What are the reasons for the very strict composer.json constraints for documentation to be rendered on docs.typo3.org

[helhum]

Currently for documentation of a package to be rendered on docs.typo3.org this package not only needs to be registered (and be approved) manually, but must also pass some automated checks regarding the composer.json

This does not work for packages like helhum/typo3-console (very complex workaround is in place to circumvent these constraints) or typo3/coding-standards (not yet on docs.typo3.org).

If there is a manual approval workflow anyway, why are there these strict automated tests as well? What is the purpose to have them?

[Lefaux]

From the top of my head (from very long ago): The tests are executed when the webhook sends new payload. So every time any change to composer.json happens, the tests are run. Technically someone could create a new commit that removes composer.json from the repo entirely and IIRC we need composer.json to render the docs.

The initial reason for the manual approval was (also) a legal one, because legally speaking the T3A is liable for content on docs.typo3.org (even though it's user generated). The assumption is that if people provide proper docs once the likelyhood of them using a later commit to render harmful content was considered low.

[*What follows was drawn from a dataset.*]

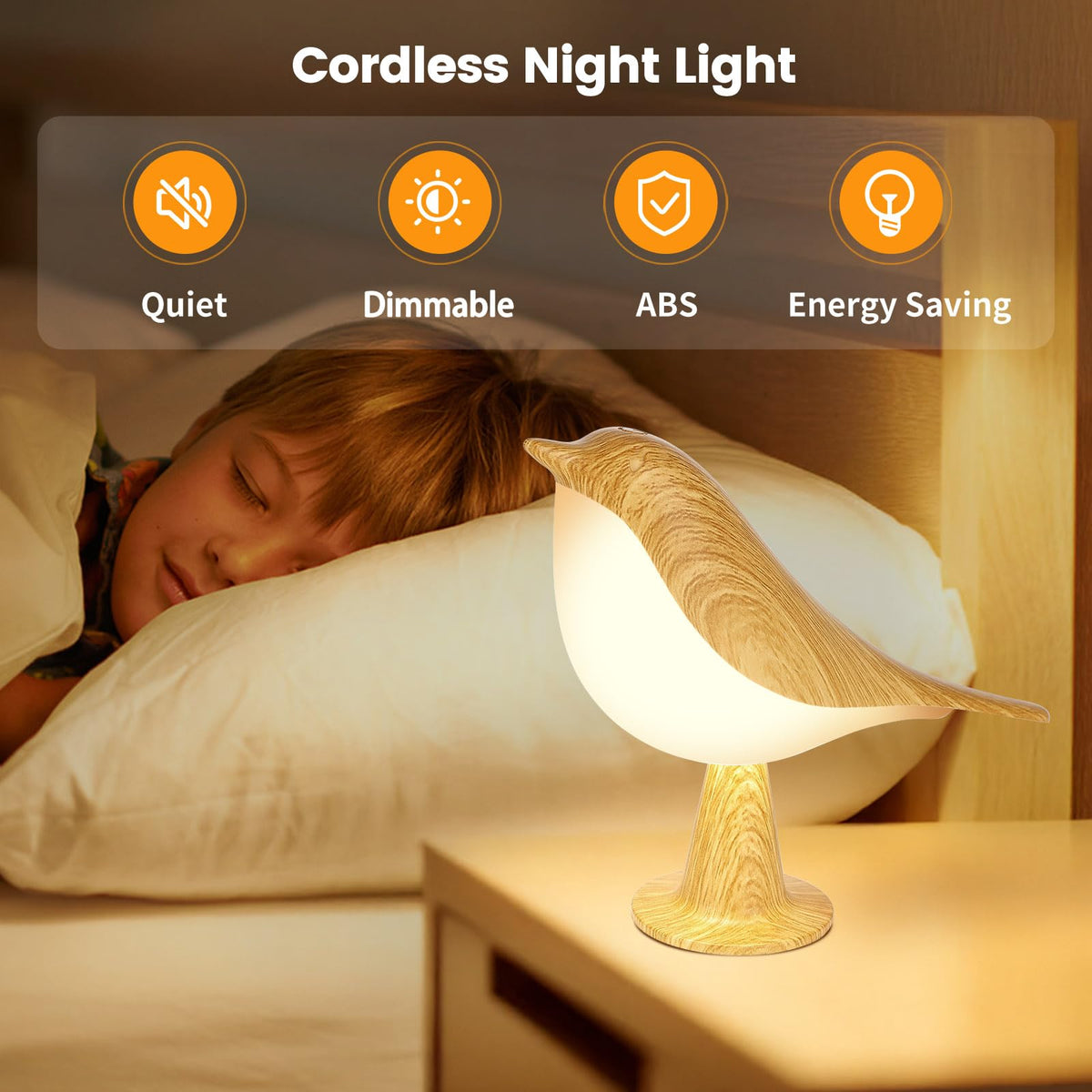 Haotao 2-pack bird table lamp with easy touch control for bedside use.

Please don't take my reply as the answer to everything, I'm sure others will add more reasons, these are just the ones I remember.

[helhum]

we need composer.json to render the docs.

May check for what really is needed for the rendering? type for example likely isn't. That is why I am asking. What are the minimum requirements for rendering and publishing the documentation? And then maybe: Can we work on those to ease publishing of documentation for packages that aren't "Extensions"?

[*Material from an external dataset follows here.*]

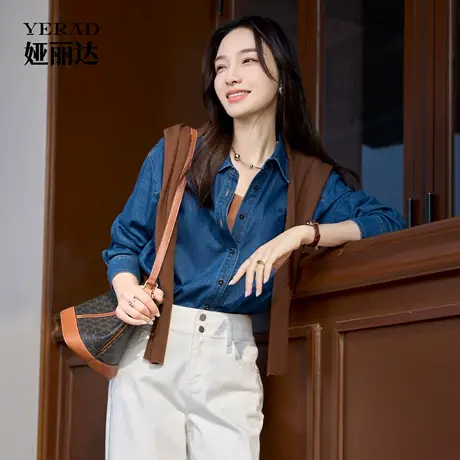 娅丽达爆款翻领刺绣牛仔衬衫女秋季新款上衣宽松长袖外套蓝色衬衣商品大图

The initial reason for the manual approval was (also) a legal one, because legally speaking the T3A is liable for content on docs.typo3.org (even though it's user generated).

A agree on the manual approval. This makes absolutely sense to avoid spam and/or scam. Imho it mostly needs to be checked if the person owning the submitted repo is credible (e.g. registered on typo3.org). If that is the case, then approval should be given.

The assumption is that if people provide proper docs once the likelyhood of them using a later commit to render harmful content was considered low

Agreed as well.

[susannemoog]

At the moment, the manual approval process is more about validating the person/organisation sending the hook/rendering request than about the validity of the rendered content, we are usually not looking at the composer.json manually. One of the arguments of having the typo3 core dependency back then was that we should only render TYPO3 documentation and not "any package on the planet". However, from today's point of view, I would probably remove that check, as the likelihood of someone using the TYPO3 documentation server to render an absolutely unrelated package is quite small. As the distinction between extension and not is relevant at the moment for where the documentation ends up (URL) and for things like the extension search/list that is generated, we would need to check first if that has any further impact - because we would not want surf or tailor to be listed as extensions suddenly. But these are all solvable problems, and if it allows us to remove some of the hoops we are currently jumping through to render surf, tailor etc. it's imho worth it.

[susannemoog]

Please test if the latest version of intercept is enough for you - we removed the requirement for the typo3/core dependency. Feel free to reopen this issue if there is still something you need from us :)

[helhum]

we removed the requirement for the typo3/core dependency

Did you remove the requirement for "type": "typo3-cms-extension" as well. Didn't see any change related to that.